I fondi che Bruxelles stanzierà a breve rientrano nell’ambito di 26 progetti di ricerca scientifici che la Commissione Europea sta tuttora vagliando. Se sono 34 le compagnie israeliane che fanno parte della rosa dei candidati a ricevere il denaro, è soprattutto su una che si è concentrata l’attenzione delle organizzazioni a difesa dei diritti umani. La compagnia in questione è la Israel Aerospace Industries (IAI), cioè la più importante produttrice di sistemi aerei per impiego civile e militare.
La IAI realizza per il mercato militare israeliano ed estero i famigerati droni, gli aerei senza pilota che vengono impiegati in azioni ricognitive e per condurre incursioni militari che dovrebbero teoricamente limitare le perdite civili. Il drone più conosciuto uscito dalle officine della IAI è il cosiddetto Heron, in grado di volare ad altitudini medie con un’autonomia di 52 ore. Proprio questo velivolo sarebbe stato massicciamente impiegato, in un sorta di test di collaudo, nel corso dell’aggressione israeliana alla striscia di Gaza tra la fine del 2008 e gli inizi del 2009, causando circa 90 vittime civili.
Due sarebbero i progetti di partnership tra UE e IAI che hanno superato la prima fase del processo di approvazione da parte di Bruxelles e che aspettano ora il via libera definitivo. Il programma di ricerca della Commissione Europea prevede complessivamente uno stanziamento di 53 miliardi di euro per il periodo 2007-2013.

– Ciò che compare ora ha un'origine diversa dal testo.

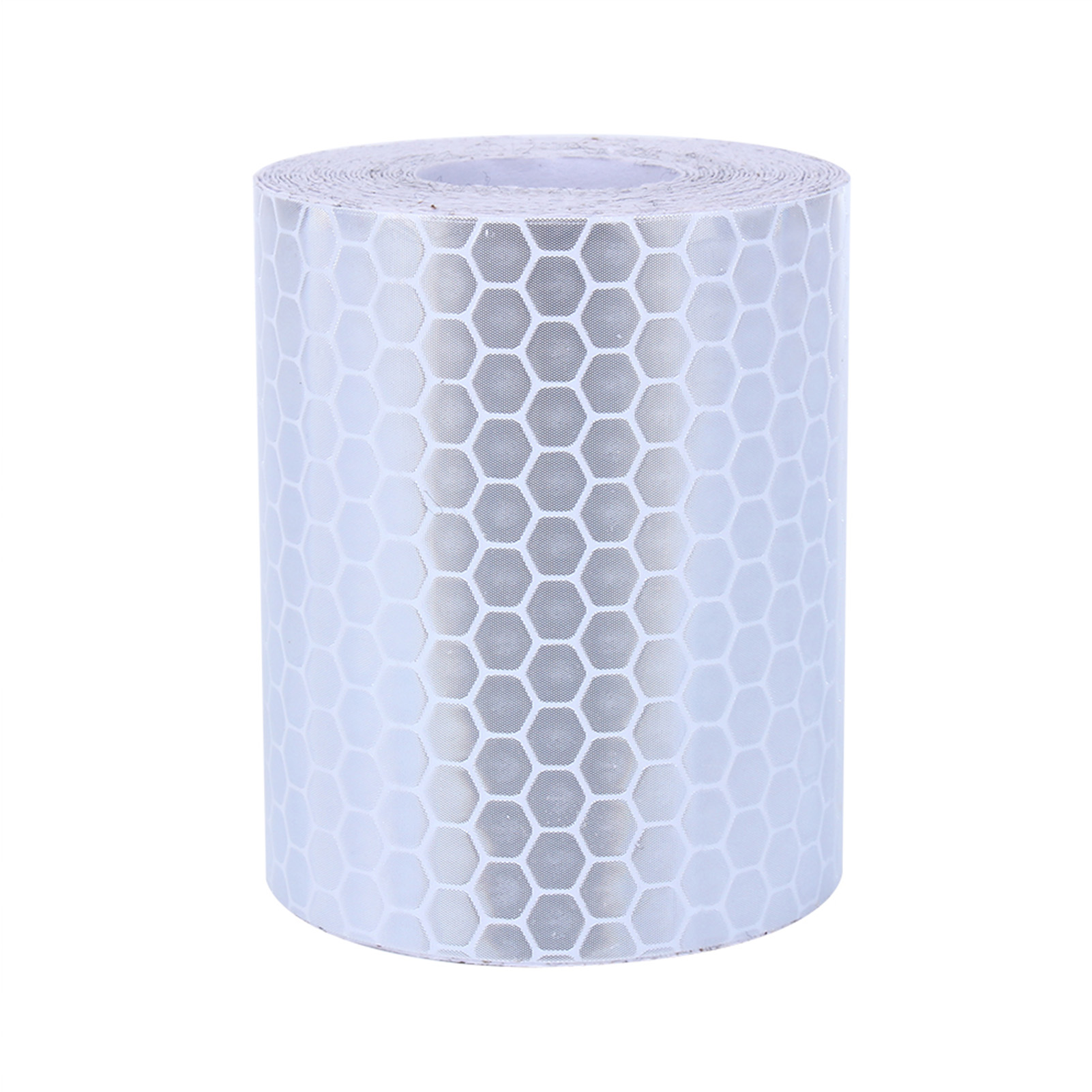 Toivize Pvc-reflexklebeband 5 Cm X 3 M Weiß Hohe Sichtbarkeit Für Fahrzeuge Und Sicherheitsbeschilderung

Come ha documentato l’agenzia di stampa IPS News, in corsa per i contributi europei ci sono anche altre compagnie che contribuiscono alle operazioni illegali di Israele nei territori palestinesi occupati. Una di esse è Afcon, compagnia produttrice di metal detector che vengono utilizzati nei check-point dell’esercito istituiti lungo il confine tra Israele e Gaza. La stessa Afcon un paio d’anni fa aveva inoltre ottenuto un appalto per installare un sistema di sicurezza in un progetto ferroviario destinato a collegare gli insediamenti israeliani illegali di Gerusalemme Est con il centro della città.

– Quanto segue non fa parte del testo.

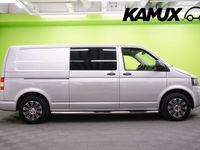 käytetty VW Transporter umpipakettiauto pitkä 2,0 TDI 84 kW 3200kg BlueMotionTechnology - Alv-vähennyskelpoinen, DEFA -lämpö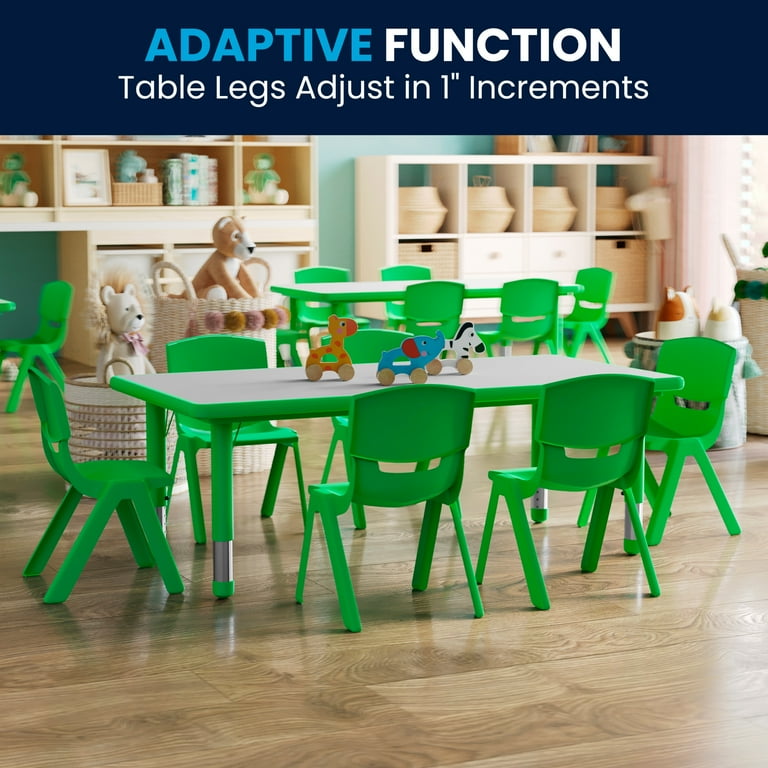 Flash Furniture Yellow Round Kid's Play Table Flash Furniture Yellow Round Kid's Play Table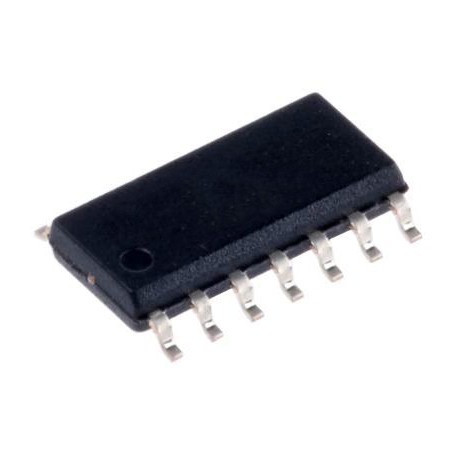 ای سی HEF4011BT گیت NAND پکیج SO-14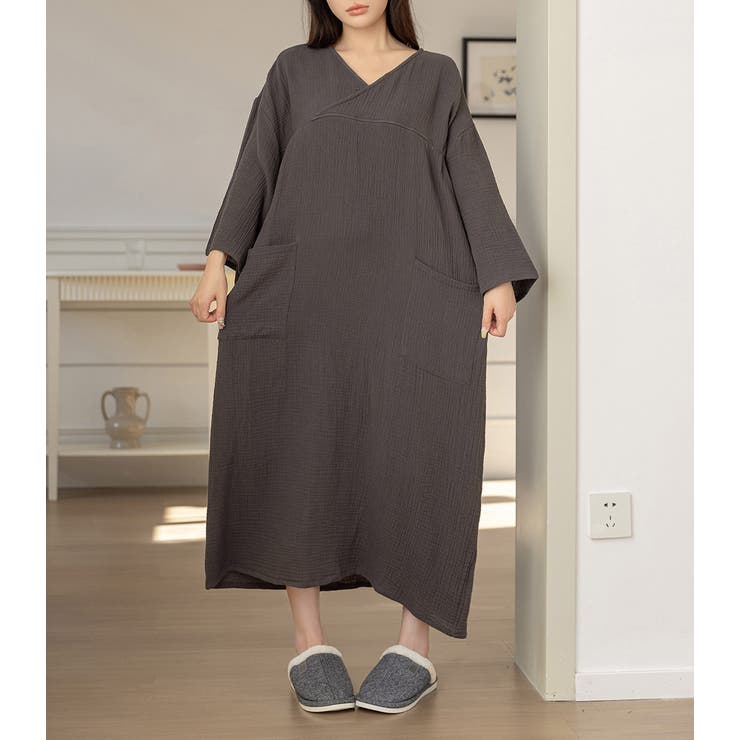 湯上りワンピース ルームウェア パジャマ | teddyshop | 詳細画像52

La particolare predisposizione dell’UE nei confronti di Israele è il risultato di una aggressiva azione di lobbying messa in atto da Tel Aviv negli ultimi anni ed è singolarmente andata di pari passo con il deteriorarsi dell’immagine di questo paese agli occhi dei cittadini europei. Per quanto, comprensibilmente, gli esponenti delle istituzioni comunitarie cerchino di minimizzare la generosità europea verso il business israeliano, i numeri parlano da soli. Secondo un giornale israeliano, le aziende di questo paese potrebbero beneficiare di 17 milioni di euro con la prossima quota di finanziamenti EU da erogare. Ciò porterebbe il totale dei fondi intascati a partire dal 2007 dalle compagnie israeliane grazie ai fondi per i programmi di ricerca europei a 290 milioni di euro.

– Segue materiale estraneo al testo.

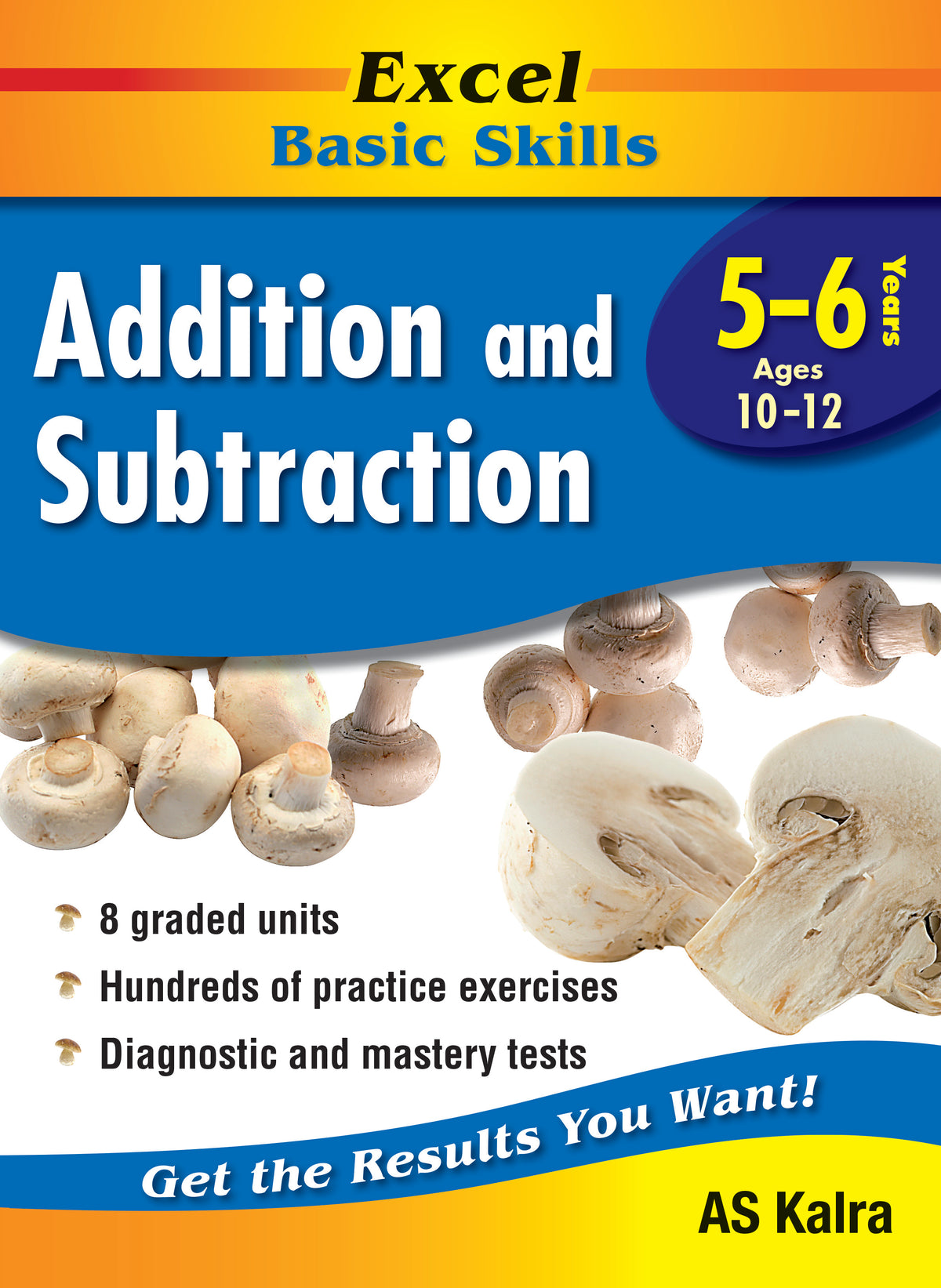 Excel Basic Skills Workbook: Addition and Subtraction Years 5-6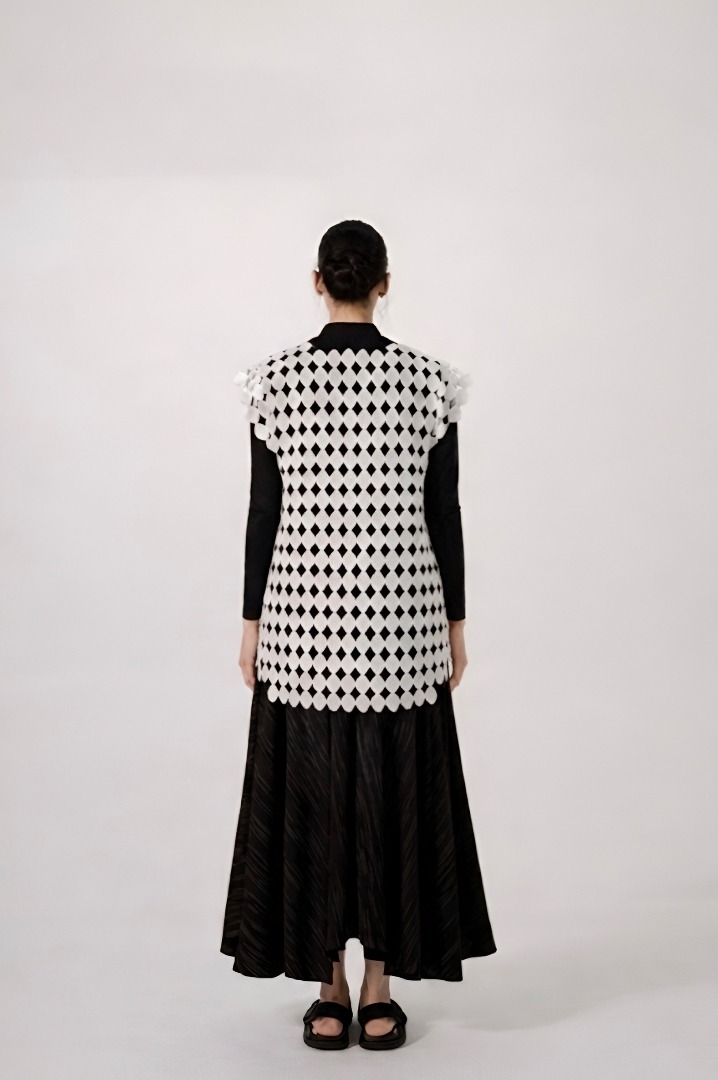 Dama Kara Basic Encim Lace White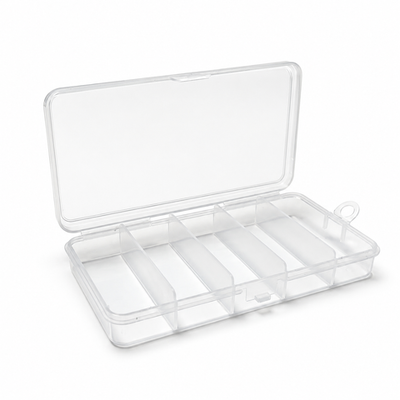 Ящик рыболовный 13x7x2см ZY-047
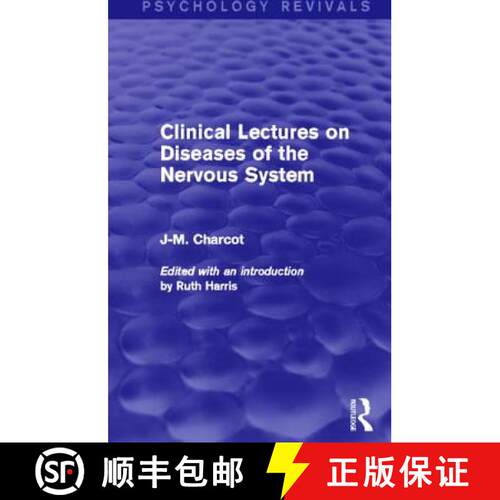 【3-4周达】精装 Clinical Lectures on Diseases of the Nervous System (Psychology Revivals) [9780415731911]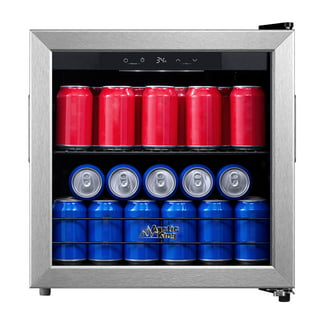 Frigidaire Portable Retro 6 Can Personal Beverage Cooler, EFMIS129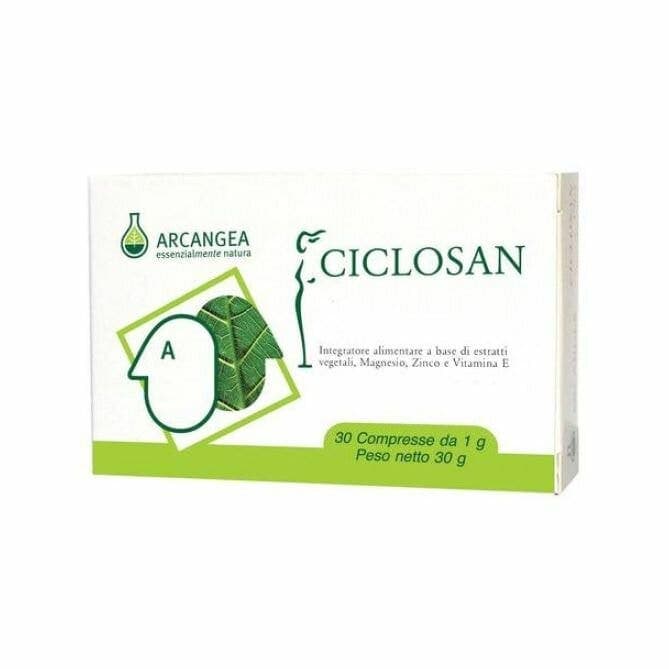 Magnesio + Sauzgatillo – 30 comprimidos | Ciclosan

Alle critiche giunte da più parti, la Commissione Europea ribatte sostenendo che le cooperazioni scientifiche così promosse con Israele riguardano esclusivamente il settore civile. Ma è lo stesso governo di Tel Aviv a non farsi scrupoli nel propagandare gli stretti legami che intercorrono tra le aziende civili operanti nel settore tecnologico e le forze armate. In varie pubblicazioni governative, ad esempio, viene sottolineata addirittura la “simbiosi” tra il comparto tecnologico e quello della sicurezza nazionale in Israele.
Allo stesso modo, alcune compagnie sulla lista d’attesa per i fondi UE hanno confermato come il loro lavoro finisca spesso per produrre innovazioni di cui si giova l’esercito. La filiale israeliana dell’azienda tedesca produttrice di software SAP fornisce alle forze armate israeliane una serie di “equipaggiamenti” speciali. Emza e LiveU, invece, realizzano strumenti di sorveglianza fortemente richiesti dai militari per le loro operazioni.
Se qualche eurodeputato ha fatto sentire la propria voce, protestando l’incoerente politica della Commissione Europea nei confronti di Israele, sembra improbabile che questo flusso di denaro possa essere ostacolato in futuro. Tanto più che molti paesi europei acquistano regolarmente aerei da guerra ed equipaggiamenti prodotti dalle stesse compagnie israeliane (testati a Gaza ed impiegati in Afghanistan). Pur lanciando critiche a livello ufficiale, insomma, l’UE finisce così per rendersi in qualche modo complice dell’occupazione e della repressione che i palestinesi continuano a subire per mano di Israele.